Starting Sept. 9 and going through Sept. 11, the annual Soil Not Oil conference, usually held in Richmond, will meet in San Francisco. The conference was inspired by the work of scientist Vandana Shiva, who argues that industrial agriculture worsens the climate crisis by depleting the soil with chemical fertilizers and driving farmers off the land.
The Soil Not Oil conference showcases agricultural methods that increase organic matter in the soil as a way of absorbing carbon from the atmosphere. Sequestering carbon in the soil, said conference organizer Miguel Robles, is a proven and powerful method, unlike schemes to develop new carbon-sequestration technology. He pointed to a statement from the 2015 UN climate conference that declared that increasing carbon in the soil by as little .4 percent a year would “halt the increase in the CO2 concentration in the atmosphere due to human activities.”
The Sol2Sol coalition will also host two conferences. On Monday, Sept. 10, members of more than 150 participating organizations from frontline communities all over the country will share information and “start networking local solutions into solutions with national impacts,” said Wong.
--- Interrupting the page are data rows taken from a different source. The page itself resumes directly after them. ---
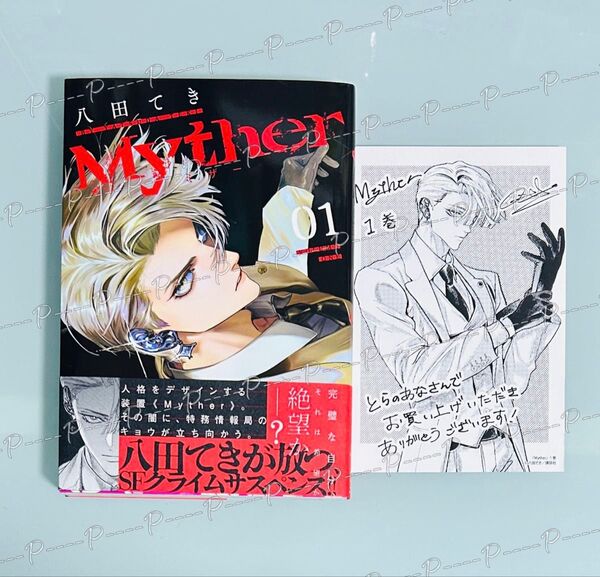 八田てき 「Myther」 とらのあな限定特典両面イラストカード付き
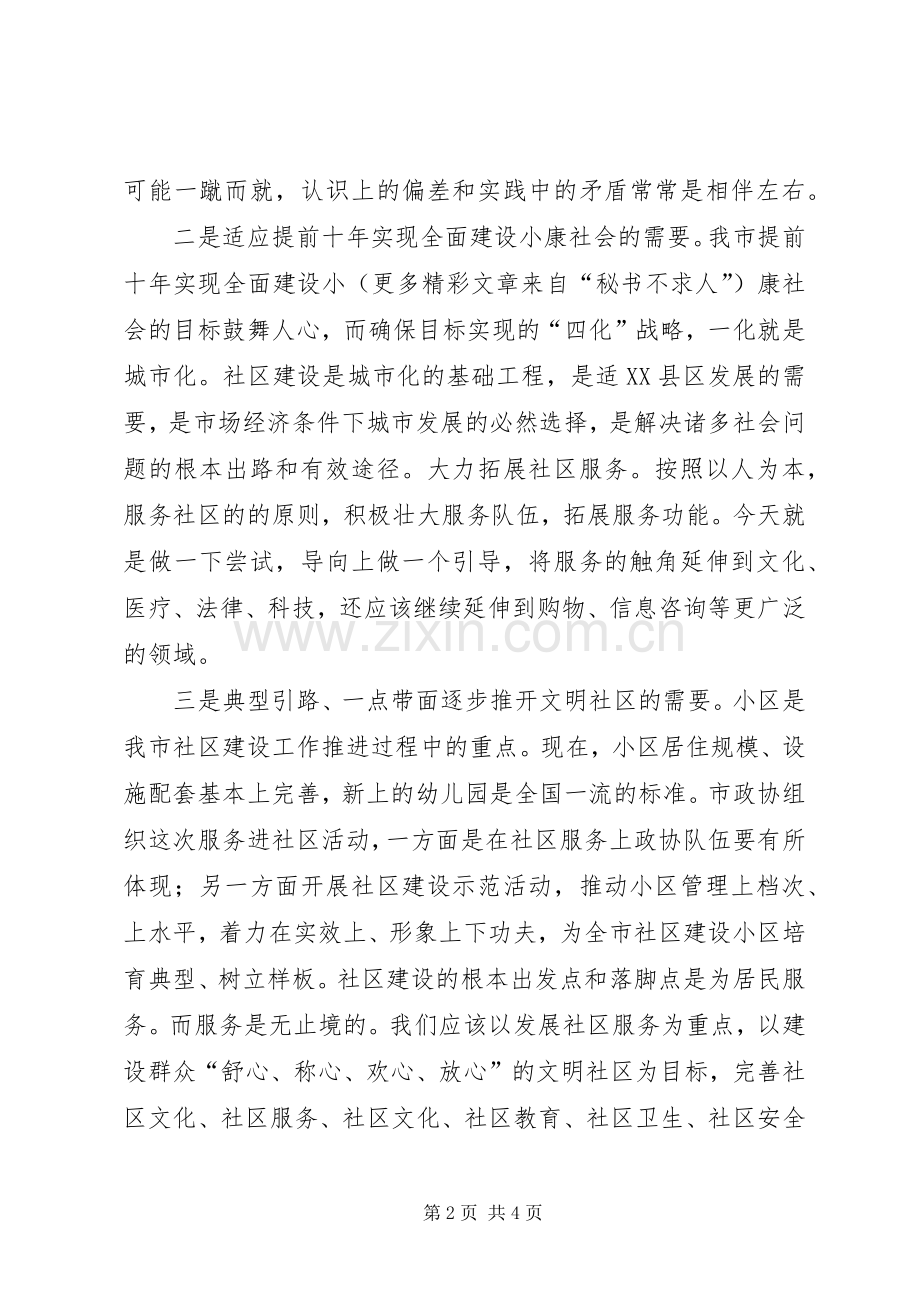 政协委员服务走进社区活动主席讲话.docx_第2页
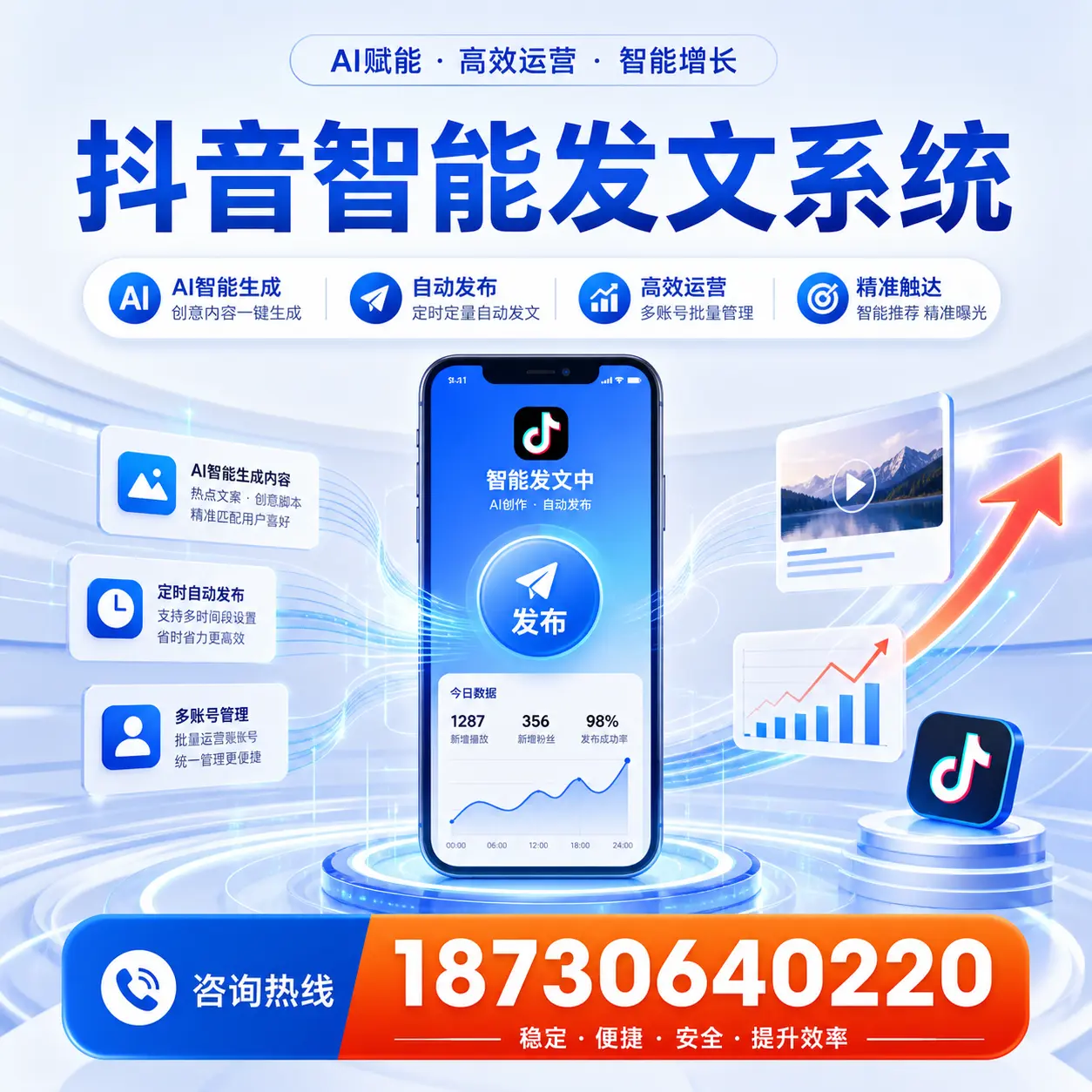 如何通过抖音智能发文系统提升 澄迈 企业的市场竞争力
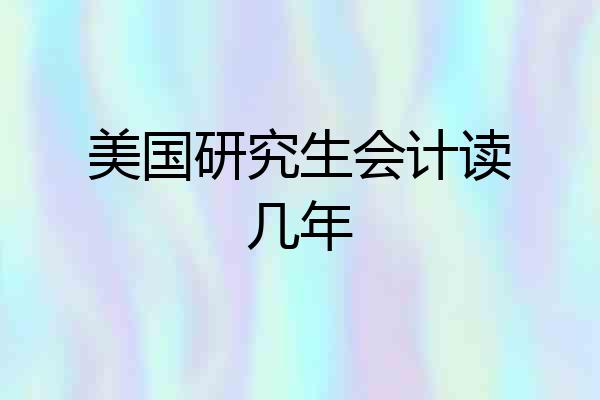 美国研究生会计读几年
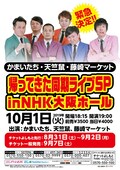 同期ライブ が帰ってくる かまいたち 天竺鼠 藤崎マーケットがnhk大阪ホールに集結 コメントあり お笑いナタリー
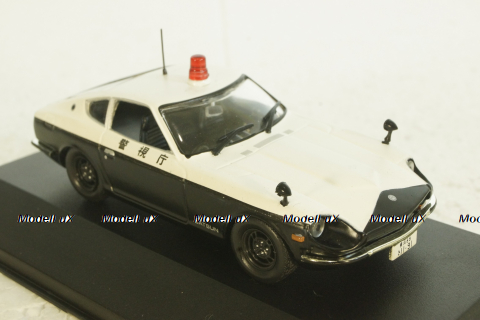 Nissan 240Z Fairlady Police 1970, Altaya 1:43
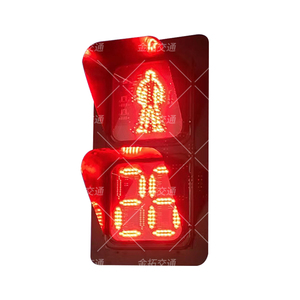 数显人行信号灯A型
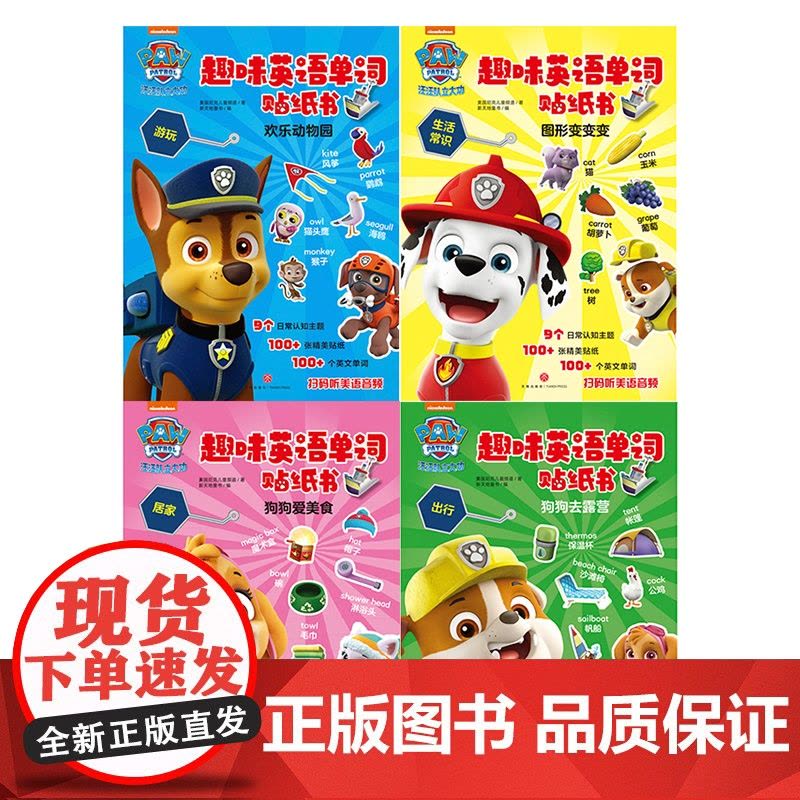套装4册 汪汪队立大功趣味英语单词贴纸书 3-6岁儿童外语单词初级教材玩具书 少儿零基础入门语言学习启蒙教育手工制作游戏图片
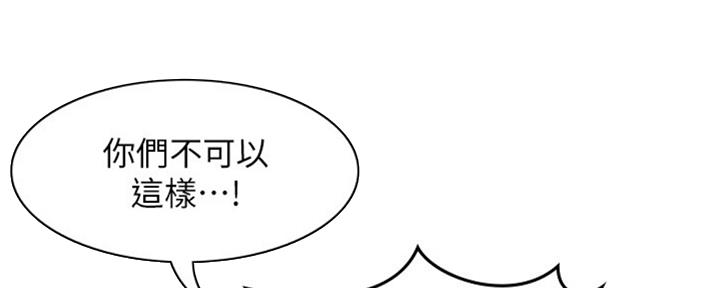 《邻居的爱》第117话 第80页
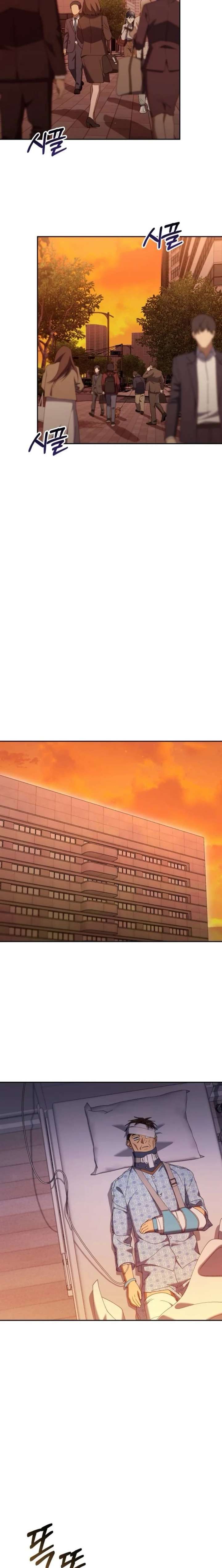 ch 28 21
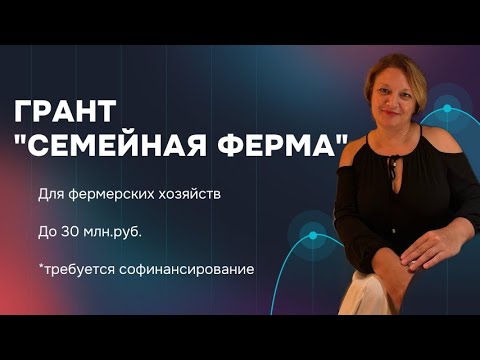 Видео: Грант "Семейная ферма" до 30 млн.руб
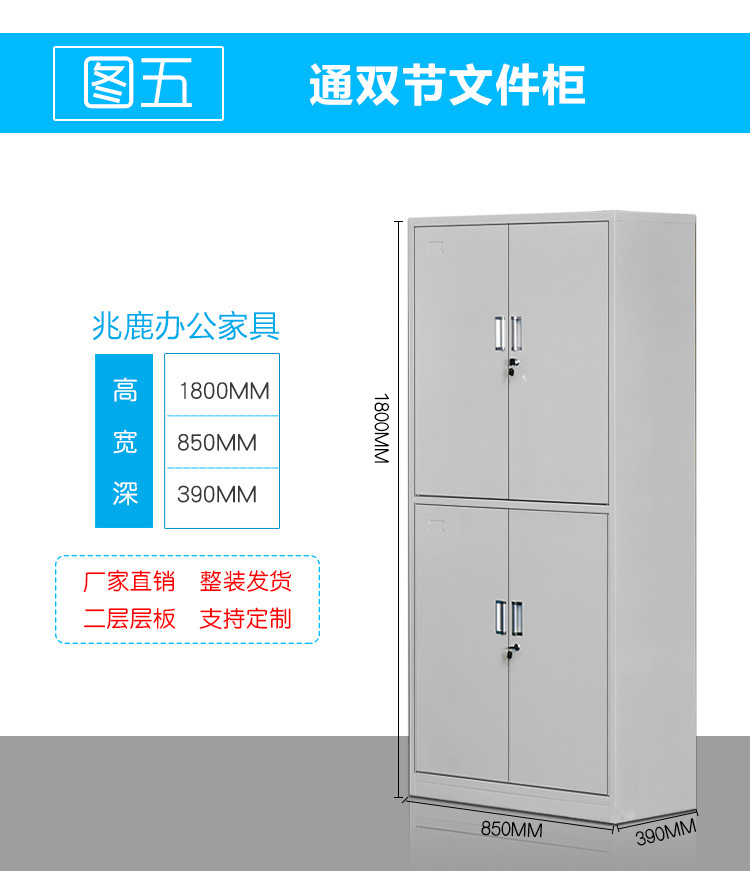 文件柜详情_16.jpg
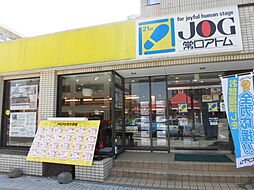 (株)常口アトム円山公園店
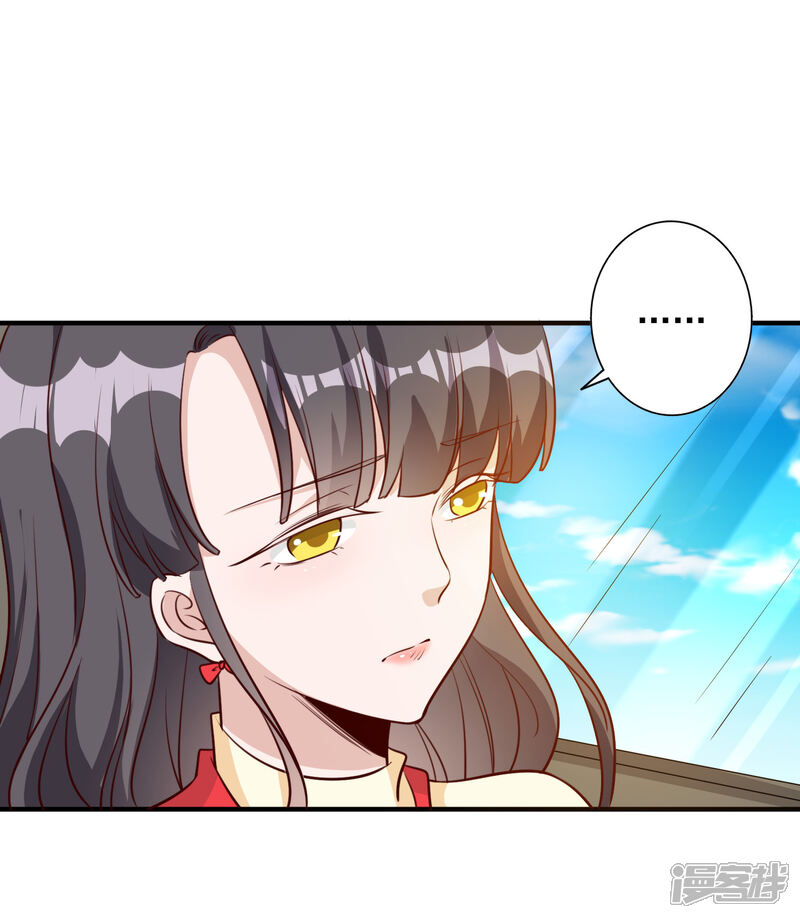《宠爱难逃偏执顾少高冷妻》第一季最终话 第19页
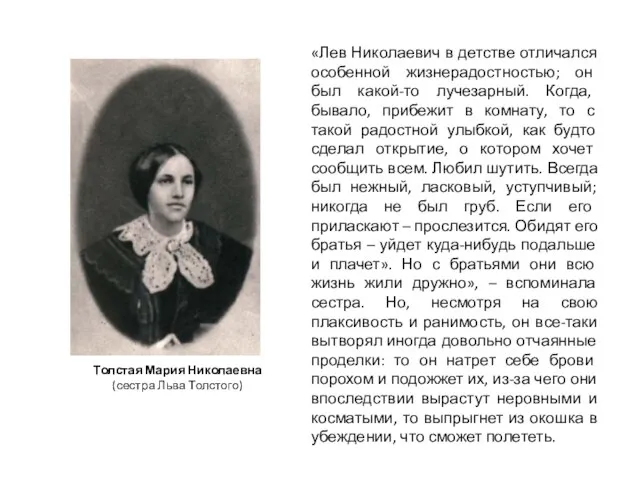 «Лев Николаевич в детстве отличался особенной жизнерадостностью; он был какой-то лучезарный.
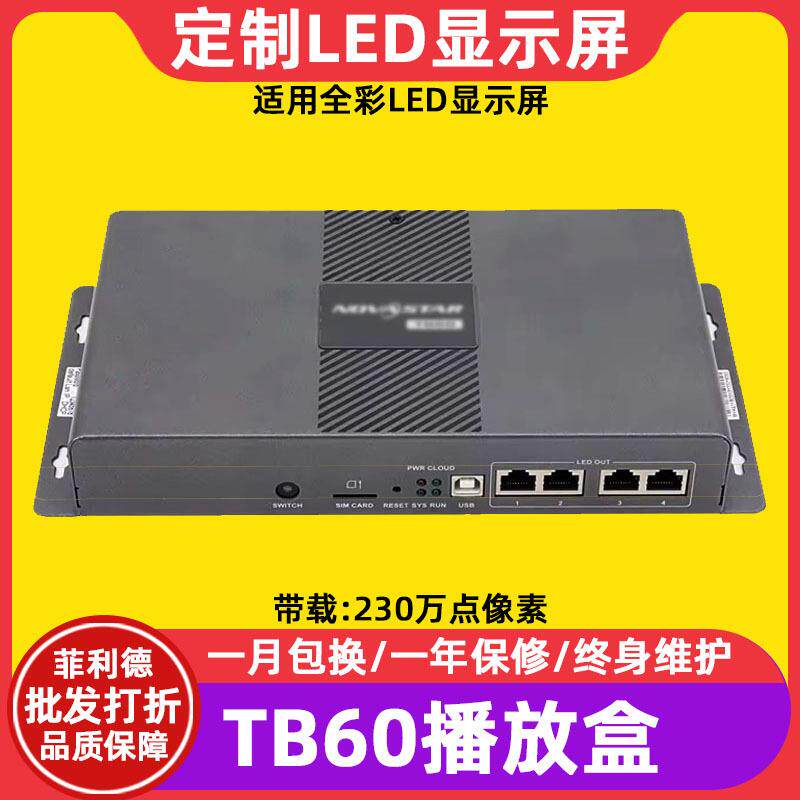 TB60全彩led显示屏播放盒室内电子屏大屏幕户外广告屏控制器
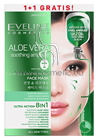 ������������� �������� ����� Eveline Cosmetics Aloe Vera Calming And Refreshing Face Sheet Mask small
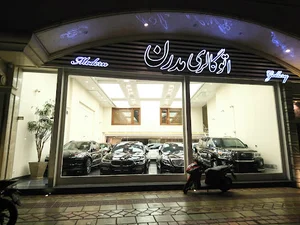 اتو گالری مدرن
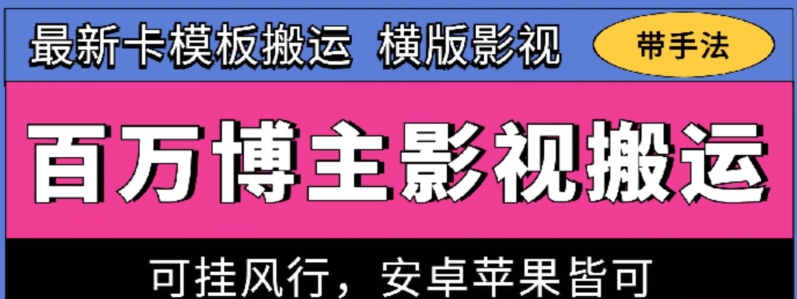 百万博主影视搬运技术，卡模板搬运、可挂风行，安卓苹果都可以狐狸致富吧-狐狸副业网-扶苏副业网狐狸致富吧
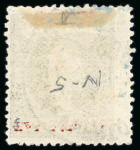 Stamp of United States » U.S. Possessions » Puerto Príncipe 1898 5c on 1c black-violet, fourth printing, position 5, inverted surcharge,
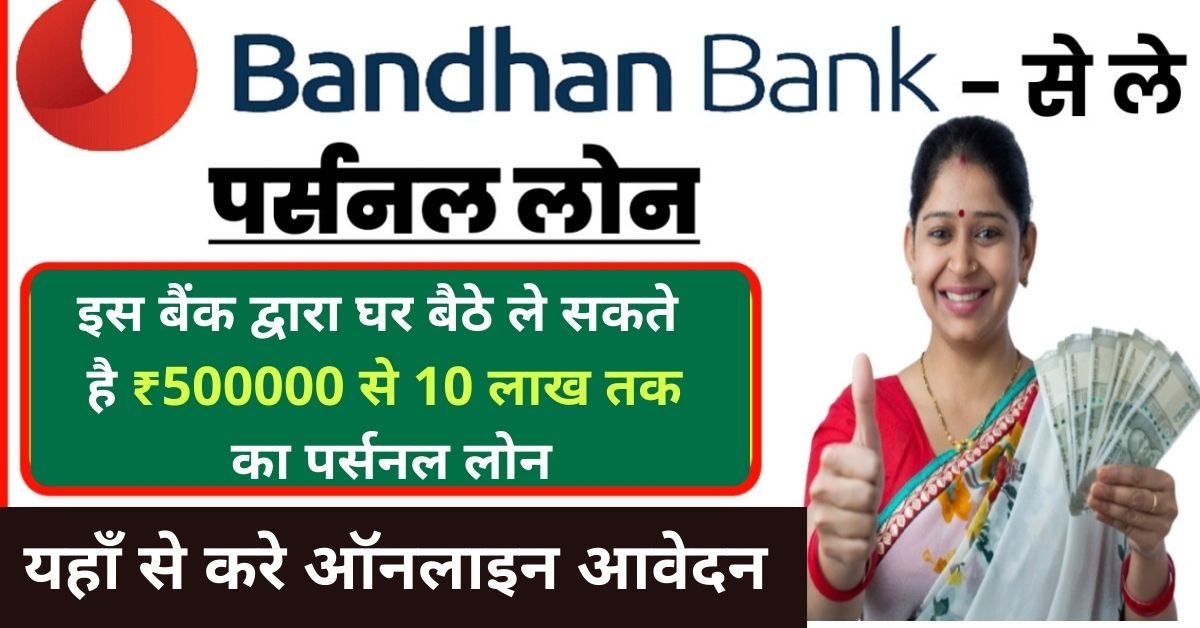 Personal Loan Bandhan Bank 2023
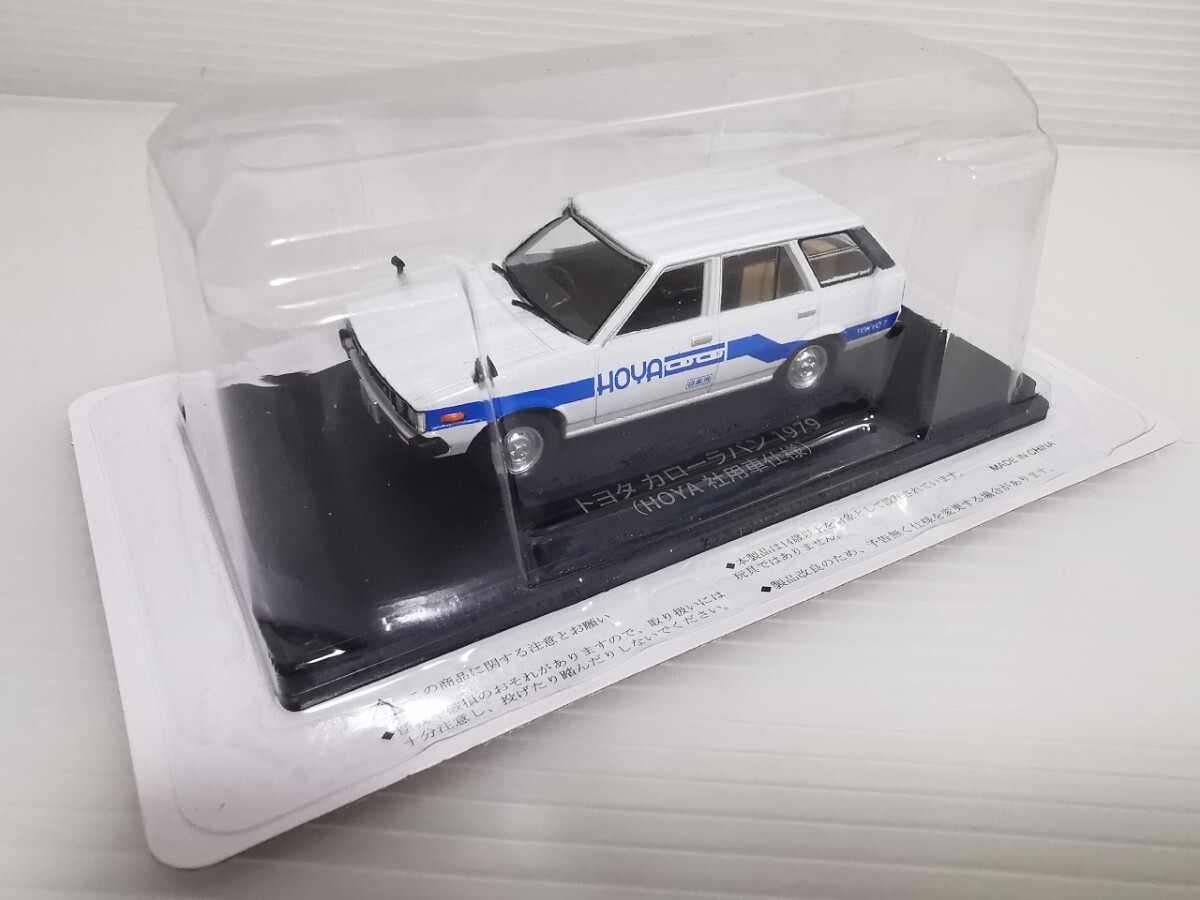 【8台セット】スパーク　懐かしの商用車コレクション　1/43 8台セット】スパーク 懐かしの商用車コレクション 1/43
Those solutions include indigenous land rights, food sovereignty, zero waste, public transportation, universal healthcare, racial and gender justice, and more.
On Tuesday, Sept. 11, the same groups will host a Sol2Sol Summit, open to the public, to “showcase our interlinked solutions,” said Wong. “We’re thinking about it as kind of like a festival, with panels, demonstrations, interactive exhibits, and cultural performances.”
Demonstrations throughout the week will protest “climate capitalism,” the Bank of Montreal’s funding of the proposed Oakland coal terminal, and more. Some of these will include “nonviolent direct action.”
The activist events around the summit will emphasize imminent danger of climate catastrophe and the need for immediate, drastic action — but they also carry a positive message, said Wong. “In this moment of climate crisis it’s easy to feel hopeless, but there are a lot of things we can do to make the transition to a more viable world, by coming together as a community,” he said. “We want folks to be excited by that.”